Ante la prohibición de bostezar, replica el niño: “No puedo remediarlo, he hecho un viaje muy largo y no he dormido”. “Entonces – le dijo el rey – te ordeno que bosteces…”.

La respuesta del Principito a la orden del rey y la consecuente reacción de este, nos permite arribar a la segunda trilogía en torno a la naturaleza de la política: paz, razón y justicia.

El rey, el poder, busca la resolución del conflicto por la vía pacífica, la política-como-paz, lo cual implica evidentemente el reconocimiento del otro, no su eliminación. Es en suma, una convivencia en la cual la “ley de las leyes” sustituya a la ley de la jungla… “Pero como era muy bueno, daba órdenes razonables”.

Pero aún queda una tercera posición, que va más allá de las concepciones clásicas antes expuestas, y que Saint-Exupéry nos la presenta también.

En este mismo capítulo, nos señala otra concepción del poder, en la misma línea de Hanna Arendt, según la cual la política es el espacio del “logos”, de la razón, del diálogo, y en virtud de ello, la violencia no puede ser jamás la esencia de la política, sino todo lo contrario.

Es decir, a más violencia, menos poder.

Nos dice el rey: “Si ordenas a tu pueblo que vaya a tirarse al mar, hará la revolución…”.

Esta es la idea de Arendt, para quien el poder requiere de legitimidad, mientras que la violencia necesita justificación, y en el instante en el cual la justificación se impone a la legitimidad, se acaba el poder y se impone la violencia.

Es, como bien señala Arendt, el apoyo del pueblo – con su obediencia –  el que presta poder a las instituciones de un país, y se petrifican o decaen tan pronto como el poder vivo del pueblo deja de apoyarlas, de obedecerlas.
Esta interesante postura, sin duda representa un quiebre con las posiciones clásicas, pues diferencia al poder de la violencia. 

El poder es no-violento.

Pero debemos estar atentos igualmente al concepto de violencia, pues esta no es ni bestial ni es irracional, es simplemente un medio para alcanzar un fin para obtener cambios.

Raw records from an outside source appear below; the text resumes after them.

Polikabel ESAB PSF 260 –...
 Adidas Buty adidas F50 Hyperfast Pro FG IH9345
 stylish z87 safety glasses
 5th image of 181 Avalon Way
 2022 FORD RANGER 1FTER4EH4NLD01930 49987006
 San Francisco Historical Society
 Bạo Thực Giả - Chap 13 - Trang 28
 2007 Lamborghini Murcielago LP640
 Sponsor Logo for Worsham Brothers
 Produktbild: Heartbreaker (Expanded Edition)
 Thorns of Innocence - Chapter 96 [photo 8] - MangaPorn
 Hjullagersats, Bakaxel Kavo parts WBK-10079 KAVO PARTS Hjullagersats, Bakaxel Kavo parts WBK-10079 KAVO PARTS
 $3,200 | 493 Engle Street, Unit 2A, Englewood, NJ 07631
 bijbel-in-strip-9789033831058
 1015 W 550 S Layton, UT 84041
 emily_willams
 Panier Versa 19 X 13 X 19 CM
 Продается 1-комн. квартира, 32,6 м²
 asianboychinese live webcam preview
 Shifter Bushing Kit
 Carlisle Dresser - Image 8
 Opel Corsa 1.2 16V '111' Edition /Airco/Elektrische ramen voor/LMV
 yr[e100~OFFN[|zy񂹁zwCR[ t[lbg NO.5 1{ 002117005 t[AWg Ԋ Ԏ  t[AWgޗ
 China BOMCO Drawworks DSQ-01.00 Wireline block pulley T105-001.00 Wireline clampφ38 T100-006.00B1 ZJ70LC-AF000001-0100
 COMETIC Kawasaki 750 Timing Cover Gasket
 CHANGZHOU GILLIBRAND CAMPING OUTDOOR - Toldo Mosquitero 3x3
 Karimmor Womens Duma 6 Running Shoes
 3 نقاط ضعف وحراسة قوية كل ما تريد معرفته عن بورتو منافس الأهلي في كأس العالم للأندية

Sólo nos queda, ante esta posición de Arendt, hacernos una sola - pero capital - pregunta: ¿a qué se debe esa obediencia? ¿por qué un ser humano obedece a otro? 

Esa respuesta no nos la da la ciencia política.

Pero terminemos pues, con nuestro relato del Principito.

Al cabo de un rato, el Principito ya aburrido de aquel planeta pero preocupado por no apenar al viejo rey, le pidió que le diera la orden de marcharse, y así sucedió.

En aquel planeta, en el reino de este rey, no habitaba nadie más que él.